The drought has reduced agricultural output by about 20 percent compared to the average annual yield, and by 30 percent compared to the previous, record year.

That is why the lost value exceeds a billion dollars, says Milan Prostran, an agriculture expert.

He told the Beta agency that this damage from this year’s hot weather should be compared to years that had the average yield, “because it is more correct than making a comparison to a record year, like the previous one.”

“The average annual agriculture production value in Serbia ranges from five to six billion dollars,” Prostran said.

He added that by the end of the season, the situation could improve – but could also worsen – and that the rain, which fell on Saturday in much of the country, has helped the plants recover a little.

“High temperatures have mostly destroyed corn, that makes up 20-25 percent of the total agricultural production, and it is grown on 1.1 million hectares,” Prostran said.

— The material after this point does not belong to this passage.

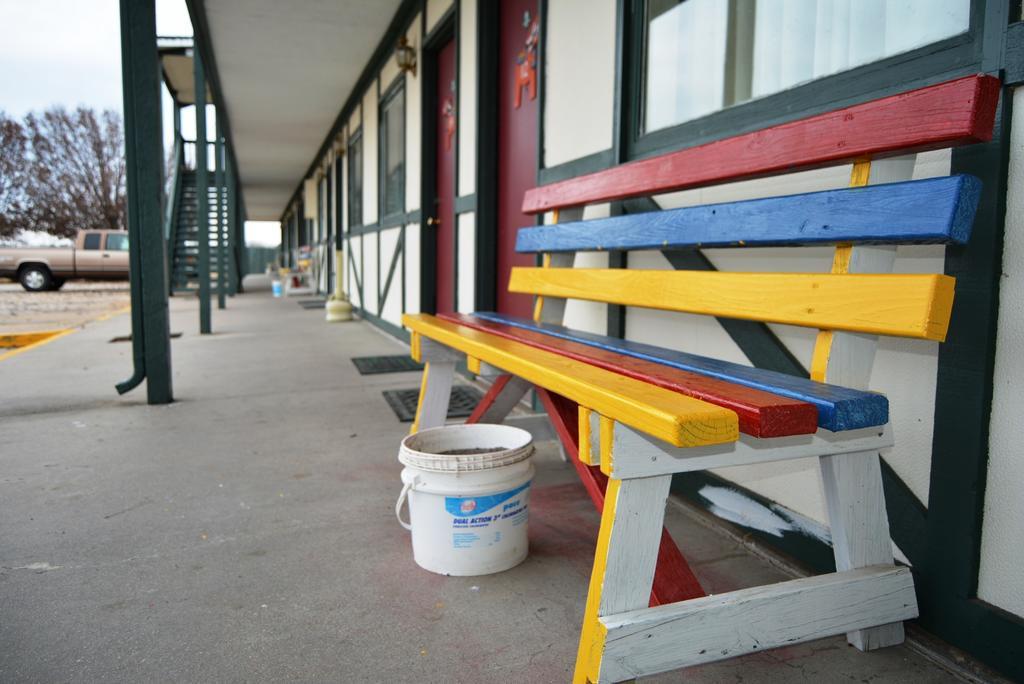 Viking Motel Lindsborg Exterior photo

He stressed that “due to climate change and the inability of the state to finance irrigation on larger areas,” a solution for sustainable agriculture should be sought in autumn sowing on a twice larger area than the average so far – from 500,000 to 600,000 hectares.

“Within two weeks, the deadline for autumn sowing begins, so everything that can withstand low winter temperatures – wheat, oats, barley, rye and rapeseed – should be planted,” Prostran said.

This expert added that the spring sowing should begin “a month early to avoid high temperatures and drought.”